KokkACC: Enhancing Kokkos with OpenACC

by Pedro Valero Lara, Seyong Lee, Marc Gonzalez Tallada, Jeffrey S Vetter, Joel E Denny
Publication Type
Conference Paper
Book Title
2022 Workshop on Accelerator Programming Using Directives (WACCPD)
Publication Date
Page Numbers
32 to 42
Publisher Location
New Jersey, United States of America
Conference Name
Workshop on Accelerator Programming and Directives (WACCPD 2022)
Conference Location
Dallas, Texas, United States of America
Conference Sponsor
The International Conference for High Performance Computing, Networking, Storage and Analysis
Conference Date

Template metaprogramming is gaining popularity as a high-level solution for achieving performance portability on heterogeneous computing resources.

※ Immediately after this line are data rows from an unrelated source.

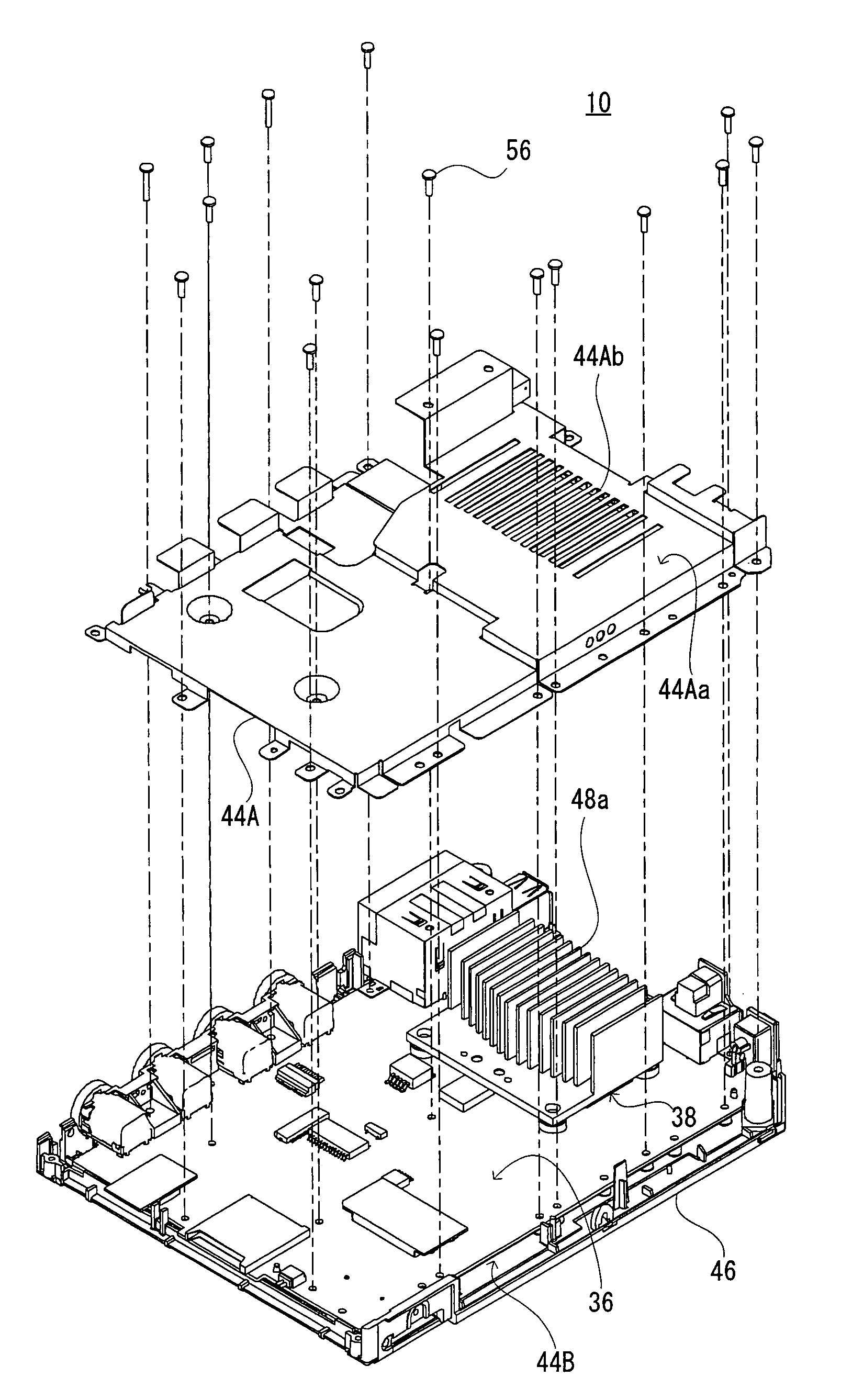 Electronic appliance having an electronic component and a heat-dissipating plate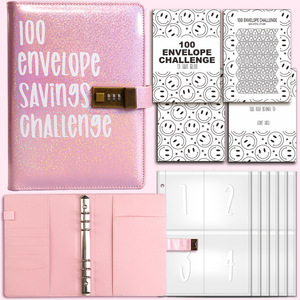 100 Day Envelope <strong>Budget</strong> Binder Leather and Paper Cover Event Notepad Money Saving Challenge Book with Lock for <strong>Gift</strong> Giving - Product Image 2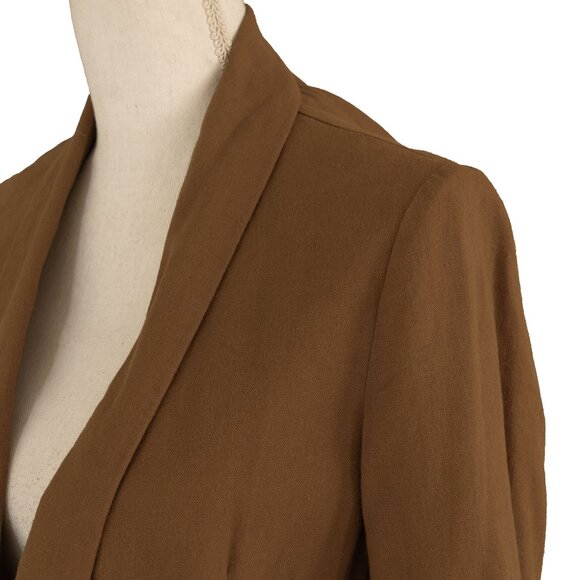 Old Navy Linen Blazer Tan Minimal Classic Academia Mustard Long Jacket Coat - Picture 4 of 8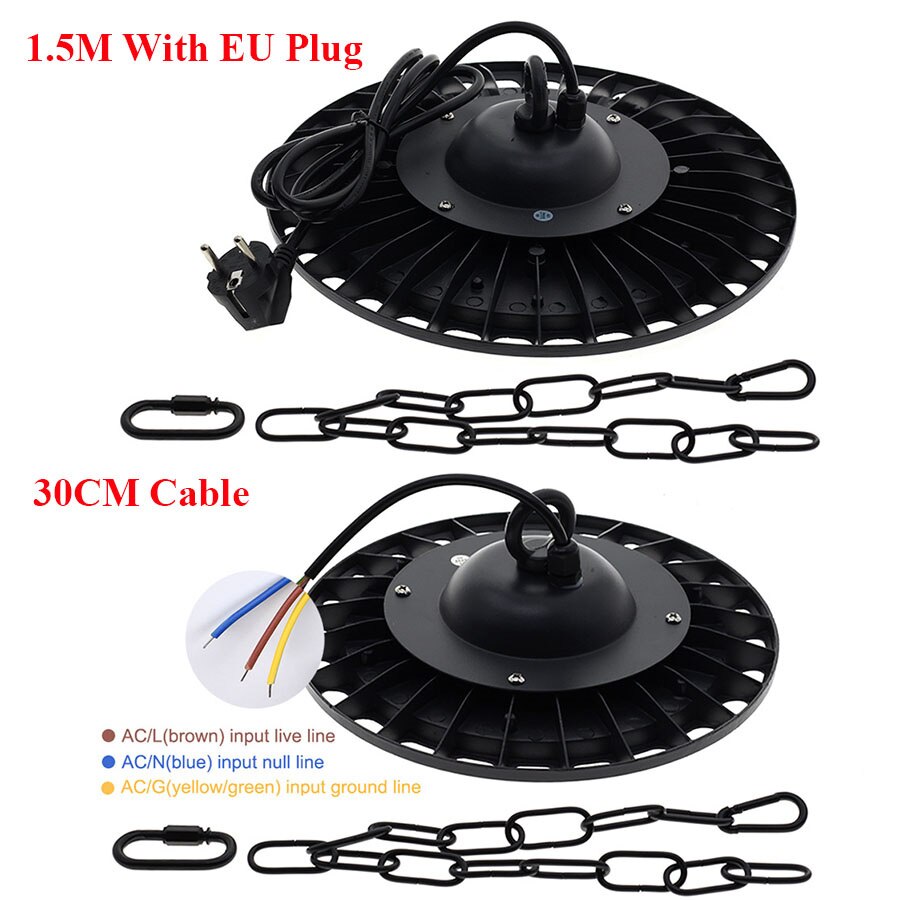 150W 200W LED High Bay Light Waterproof Super Bright Commercial Warehouse Bay Light Garage Gym Shop Workshop Lighting Fixtures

Kokkos is a representative approach that offers programmers high-level abstractions for generic programming while most of the device-specific code generation and optimizations are delegated to the compiler through template specializations. For this, Kokkos provides a set of device-specific code specializations in multiple back ends, such as CUDA and HIP. Unlike CUDA or HIP, OpenACC is a high-level and directive-based programming model. This descriptive model allows developers to insert hints (pragmas) into their code that help the compiler to parallelize the code. The compiler is responsible for the transformation of the code, which is completely transparent to the programmer. This paper presents an OpenACC back end for Kokkos: KokkACC. As an alternative to Kokkos’s existing device-specific back ends, KokkACC is a multi-architecture back end providing a high-productivity programming environment enabled by OpenACC’s high-level and descriptive programming model. Moreover, we have observed competitive performance; in some cases, KokkACC is faster (up to 9×) than NVIDIA’s CUDA back end and much faster than OpenMP’s GPU offloading back end. This work also includes implementation details and a detailed performance study conducted with a set of mini-benchmarks (AXPY and DOT product) and three mini-apps (LULESH, miniFE and SNAP, a LAMMPS proxy mini-app).